Thanks for the warm welcome to all of you and I'll bare your comment in mind Mike.

I'm fairly new to this watch collecting so I am still very much in buying mode, so for the moment all my watches are keepers.

Most of the collection is made up of divers or chronos (or as the 710 says "whats this thing you've got with bezels & buttons







)

I have about 8 divers inc. an '87 Submariner 16800, Oris Blue TT1, O&W M2, a couple of Zeno Divers, Seiko Orange Monster & a few others.

My chronos inc. a Speedy Pro, Chase Durer, Sorna world time, Poljot and now a O&W Selectron.

The rest of them probably go in the "bought late on a Saturday night after to many JD & Cokes" catergory







which in a way gives them a certain charm









Cheers

Andrew


----------



## jasonm (Nov 22, 2003)

Welcome to tthe forum Andrew


----------



## SharkBike (Apr 15, 2005)

Andrew,

Sounds like you'll fit in quite nicely here...great watch collection, JD & Cokes leading to questionable purchases, and a 710 who doesn't quite get it.
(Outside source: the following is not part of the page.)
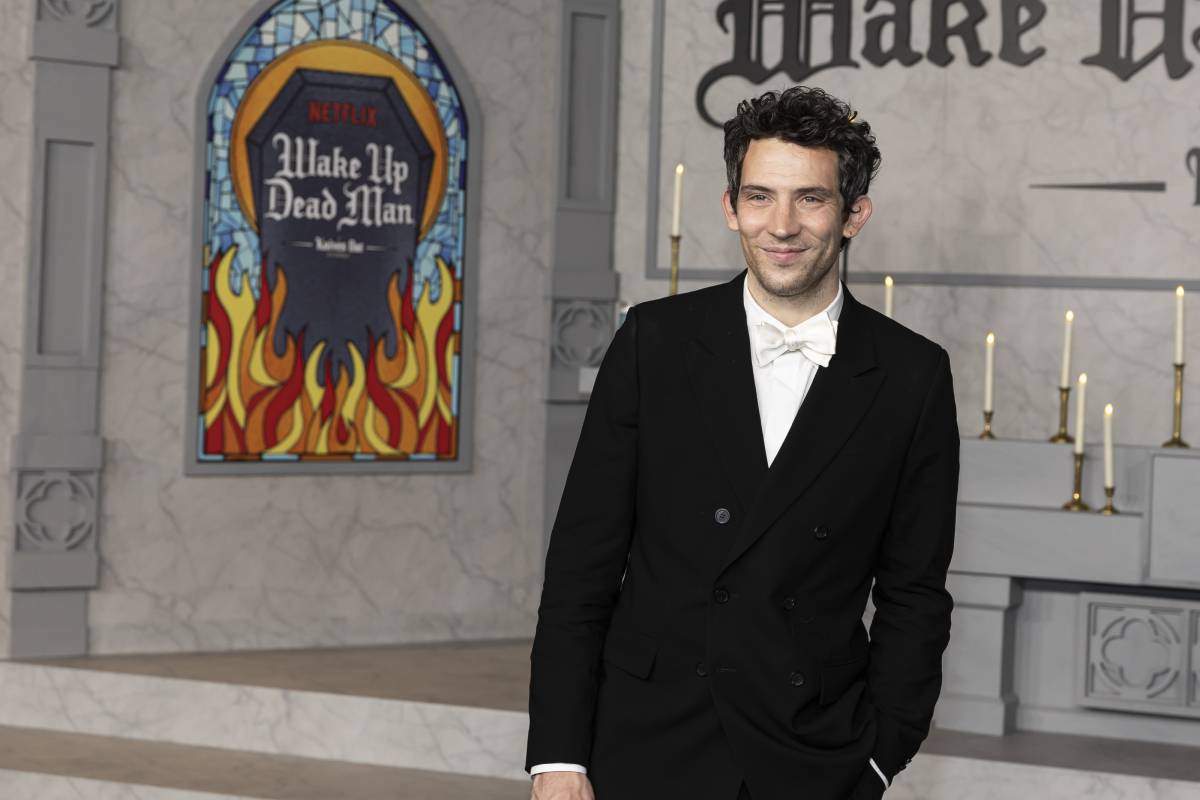 Josh O' Connor, chi è l'attore protagonista di Dis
Welcome...and pull up a chair.

btw...does Mutley come from The Wacky Races? (one of my favorite cartoons as a kid)


----------



## Robert (Jul 26, 2006)

A nice collection.



mutley said:


> The rest of them probably go in the "bought late on a Saturday night after to many JD & Cokes" catergory
> 
> 
> 
> ...


You will not feel alone here then


----------



## Ironpants (Jul 1, 2005)

SharkBike said:


> Andrew,
> 
> Sounds like you'll fit in quite nicely here...great watch collection, JD & Cokes leading to questionable purchases, and a 710 who doesn't quite get it.
> 
> ...


fussel wussel......

Toby


----------



## Mutley (Apr 17, 2007)

SharkBike said:


> Andrew,
> 
> Sounds like you'll fit in quite nicely here...great watch collection, JD & Cokes leading to questionable purchases, and a 710 who doesn't quite get it.
> 
> ...


SharkBike

That picture says it all, it's also one of the only names the 710 calls me that can be mentioned on a family forum


----------



## SharkBike (Apr 15, 2005)

mutley said:


> SharkBike
> 
> That picture says it all, it's also one of the only names the 710 calls me that can be mentioned on a family forum


This is a family forum? Drat, drat, and double drat!

How the %&#$ (family friendly expletive) did I ever get to 99 posts without receiving a single admonishment for inappropriate language?

Hey...look at that...I have 99 posts...and it only took me two years and three days. I'm gonna have to come up with something really _dastardly _for #100.


----------